UNICEF logo A UNICEF logo is pictured outside their offices in Geneva, Switzerland, January 30, 2017. REUTERS/Denis Balibouse

By Stephanie Nebehay

GENEVA (Reuters) – Yemen has lost a decade’s worth of gains in public health as a result of war and economic crisis, with increasing numbers of children succumbing to malnutrition, the United Nations’ Children’s Fund (UNICEF) said on Tuesday.

An estimated 3.3 million people, including 2.2 million children, across the Arab peninsula’s poorest country are suffering from acute malnutrition, and 460,000 under the age of five have severe acute malnutrition, the agency said.

The most severe form leaves young children vulnerable to life-threatening diarrhoeal diseases and respiratory infections.

“What worries us is the severe acute malnutrition because it is killing children,” Meritxell Relano, UNICEF representative in Yemen, told Reuters in Geneva.

“Because of the crumbling health system, the conflict and economic crisis, we have gone back to 10 years ago. A decade has been lost in health gains,” she said, with 63 out of every 1,000 live births now dying before their fifth birthday, against 53 children in 2014.

Children and pregnant and lactating women are most heavily affected by the malnutrition crisis in the northern province of Saada, in the coastal area of Hodeida and in Taiz in the south, she said.

UNICEF mobile teams aim to screen more children and reach 323,000 severely malnourished children this year, up from 237,000 last year, Relano said, adding that partner agencies would target the rest.
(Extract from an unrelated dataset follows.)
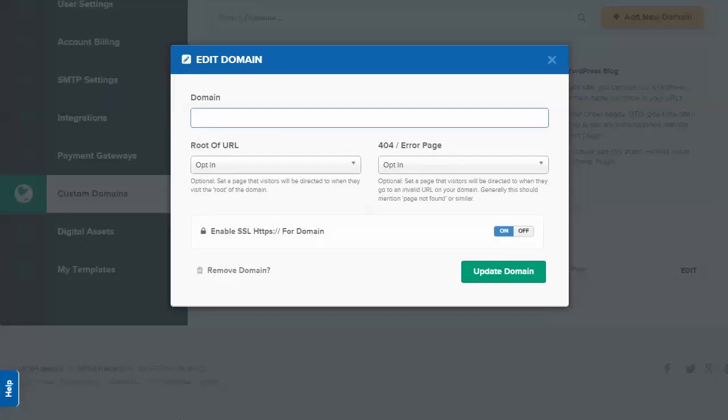Using a custom domain in ClickFunnels is really easy and gives you more branding and an authoritative page when you set these up.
The Yemeni conflict, which pits a Saudi-led Arab coalition against the Iran-allied Houthi movement, has left more than half of the country’s 28 million people “food insecure”, with seven million of them enduring hunger, the United Nations has said.

Jamie McGoldrick, the top U.N. aid official in the country, told Reuters on Friday that Yemen has roughly three months’ supply of wheat left to draw from, leaving the country exposed to serious disruption as a central bank crisis cuts food imports and starvation deepens.

Relano said UNICEF had made progress in delivering supplies of energy-rich foods for severely malnourished children.

“We managed to bring supplies into the country. We have 50 percent in the country secured for this year,” she said.

UNICEF is seeking $236.5 million for Yemen this year, as part of its overall appeal of $3.3 billion to help women and children in 48 countries.